8.6 Sweep the showcase and the public face

docs/showcase/ is the externally visible artefact; ADR 0017 documents the lockdown posture and the rationale for keeping the production VM CIDR-gated. The capability matrix, the fidelity badges, and the FSM viewer should reflect the live main state. If scripts/gen_showcase_telemetry.py produced telemetry against a different scenario or profile than the showcase claims, regenerate or fix the claim.

The top-level README.md, STATUS.md, and LIMITATIONS.md are the next-most-visible files.
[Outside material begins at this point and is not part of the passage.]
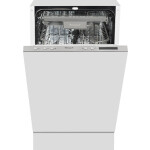Встраиваемая посудомоечная машина Weissgauff BDW 4140 D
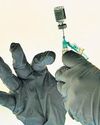 India 2nd after Nigeria on vax number: Lancet37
The "Last reviewed" date in STATUS.md and LIMITATIONS.md should be updated to the date of the sweep. Capability lists and limitation rows that no longer match main get rewritten; a new limitation that emerged since the last sweep gets a fresh LN identifier.

8.7 Update the changelog

If the sweep is substantive (more than typo fixes), append a Changed or Fixed entry to the [Unreleased] block in CHANGELOG.md. The convention is one bullet per material clarification, with a parenthetical pointing at the affected files. Pure typo fixes do not warrant a CHANGELOG entry.

8.8 Regenerate and validate

Regenerate the generated docs and rebuild the site:

make schema        # tool-reference.md, ADR index, backlog summary, JSON schemas
make docs-build    # mkdocs build --strict

mkdocs build --strict will fail on a broken link, a missing navigation entry, an orphan page, or a Markdown extension parse error. Resolve each warning rather than silencing it.

8.9 Land as one PR

A markdown sweep ships as a single PR titled docs: bring markdown tree up to date with current code and ADR NNNN (or similar). The PR body lists the files touched in three groups (top-level, docs/, skills/), references the audit or review that motivated the sweep, and notes any cross-cutting findings (em-dash bans triggered, BL-NNN references repaired, STATUS.md rows that changed maturity). The maintainer's review focuses on whether the maturity claims still match main; the cosmetic changes are secondary.

A sweep that is too large to review as one PR is a signal to split by sub-tree: docs: refresh STPA artefacts, docs: refresh model cards, docs: refresh conformance posture are the natural splits. Each split carries its own CHANGELOG entry if substantive.

9. Closing the loop

Every contribution flows back to four places. STATUS.md reflects the new maturity of every component the change touched. CHANGELOG.md captures the user-visible behaviour. The backlog docs/backlog.md advances the relevant BL-NNN rows. The audit artefact (AUDIT.md or its successor) crosses off the finding(s) the change resolved. A PR that leaves any of those four out of sync is incomplete.

The reference rhythm is: audit on a fixed cadence (quarterly, or after a phase boundary), review on a lighter cadence (monthly), enhance and validate continuously, extend per the BL-NNN sprint, sweep markdown every time the maturity table shifts. Following the rhythm keeps the governance documents honest and the simulator legible to the next controller that picks up the surface.